As to the argument that equality must be a baseline or tie breaker. In the 'original position' where we are all contemplating how things ought to be distributed (but skill sets are unknown), most would agree that an equal distribution is called for. But that really says nothing. Since the merits of each individual (skill sets) are undetermined, the reason that equal shares makes sense is entirely selfish - one doesn't want to be caught as the 'odd man out' and risk receiving a small portion of wealth to start out with.

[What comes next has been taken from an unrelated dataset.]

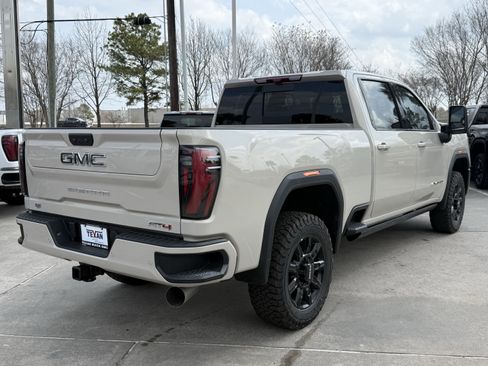 New 2026 GMC Sierra 2500 AT4 w/ AT4 Premium Plus Package image 5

What really counts at the beginning is not so much how the wealth is distributed, but what rules we set up to determine future transfers of that wealth. If we set up rules which favor the most rational or efficient members (or any type of meritocracy) so that overall wealth is maximized, we immediately favor something other than equality as the factor upon which to base distribution of wealth. If we also set up 'safety nets' so that the more able do not pillage the weak, it is only out of selfishness again - since at the beginning we do not know whether we will be among those pillaged.

In the balance between efficient use of wealth versus protection of the less able, the latter is based on moral grounds - i.e. we believe that no one should be (overly?))sacrificed for the greater good. I don't think this belief comes from a need for (or love for, or the necessity of) 'equality,' but from 1) the fear of us or our loved ones becoming one of the have-nots and 2) charitable and humanitarian feelings.